Another site to check out is creditboards.com, specifically the Credit Pulls section. Simply enter the card issuer (e.g., Chase) or specific product you’re interested in (e.g., Chase Sapphire Preferred), and select the credit bureau from which you have your score. (I’d recommend leaving the “Score Needed” and “State” boxes blank/unchecked to get a larger number of data points.) The results will give you an idea of the score needed for approval. The image below shows the results of my search for “Chase Sapphire Preferred” using the TransUnion option.
Again, remember that the score is just one component of the approval decision. Note that an applicant with a 781 score was denied due to too many new accounts, whereas another applicant with a score of 629 was eventually approved.
Overwhelmed? TPG can help!
If your head is spinning from all of these considerations, there’s a wealth of valuable information on The Points Guy. Use the search feature to find previous posts that cover things like the best card for a first-time applicant, top travel cards for college students, and best credit cards with no annual fee.

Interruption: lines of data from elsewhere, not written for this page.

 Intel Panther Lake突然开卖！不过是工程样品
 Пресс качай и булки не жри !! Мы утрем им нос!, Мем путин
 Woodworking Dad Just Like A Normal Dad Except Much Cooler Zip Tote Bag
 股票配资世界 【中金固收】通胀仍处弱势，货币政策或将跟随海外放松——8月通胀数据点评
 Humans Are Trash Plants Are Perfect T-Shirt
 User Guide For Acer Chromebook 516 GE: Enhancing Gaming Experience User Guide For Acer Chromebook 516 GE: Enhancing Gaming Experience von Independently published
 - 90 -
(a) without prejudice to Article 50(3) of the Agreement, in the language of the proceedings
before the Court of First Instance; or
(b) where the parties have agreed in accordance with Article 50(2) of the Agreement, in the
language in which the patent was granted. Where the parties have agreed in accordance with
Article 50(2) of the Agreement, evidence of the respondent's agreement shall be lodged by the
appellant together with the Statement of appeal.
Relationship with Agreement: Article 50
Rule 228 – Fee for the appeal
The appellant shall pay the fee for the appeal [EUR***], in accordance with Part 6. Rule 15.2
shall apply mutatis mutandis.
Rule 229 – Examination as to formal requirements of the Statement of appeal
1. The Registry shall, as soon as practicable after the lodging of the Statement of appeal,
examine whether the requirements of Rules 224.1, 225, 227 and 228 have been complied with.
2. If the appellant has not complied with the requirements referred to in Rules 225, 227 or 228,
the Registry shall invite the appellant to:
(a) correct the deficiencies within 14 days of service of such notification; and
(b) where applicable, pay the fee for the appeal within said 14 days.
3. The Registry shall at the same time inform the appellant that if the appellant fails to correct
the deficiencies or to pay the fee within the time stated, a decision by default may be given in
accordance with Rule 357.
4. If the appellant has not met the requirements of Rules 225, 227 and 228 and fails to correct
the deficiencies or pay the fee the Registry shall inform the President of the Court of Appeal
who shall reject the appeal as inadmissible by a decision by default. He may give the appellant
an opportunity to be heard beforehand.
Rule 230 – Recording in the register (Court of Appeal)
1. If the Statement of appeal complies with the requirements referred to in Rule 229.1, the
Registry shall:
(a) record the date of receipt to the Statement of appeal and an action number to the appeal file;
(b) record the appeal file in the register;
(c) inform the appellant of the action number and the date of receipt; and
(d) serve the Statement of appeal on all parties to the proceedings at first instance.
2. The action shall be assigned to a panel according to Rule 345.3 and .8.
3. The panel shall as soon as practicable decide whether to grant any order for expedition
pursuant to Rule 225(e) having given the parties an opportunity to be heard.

Another great tool is the TPG Wallet Maximizer, which helps you figure out which cards you should apply for. After answering some simple questions about your credit score, current cards in your wallet, spending habits, preferred travel providers, and ideal rewards, the Maximizer will recommend cards ideally suited to your specific profile. You can even link your existing accounts so the Maximizer can analyze your spending patterns for you. To test it out, I signed up, added the 9 cards in my wallet, and linked them with my online accounts. The results were interesting:
I have been eyeing the SPG American Express and Platinum Card for a while, and the Maximizer reaffirmed the value they would add to my wallet. However, I hadn’t really considered the United card. Since my wife and I are expecting our first child this November and thus don’t have any long-haul international trips coming up (this was one of the initial questions asked by the Maximizer), the MileagePlus Explorer could actually be a great option for shorter domestic trips. If you’re having difficulty deciding on which card(s) to apply for, try it out.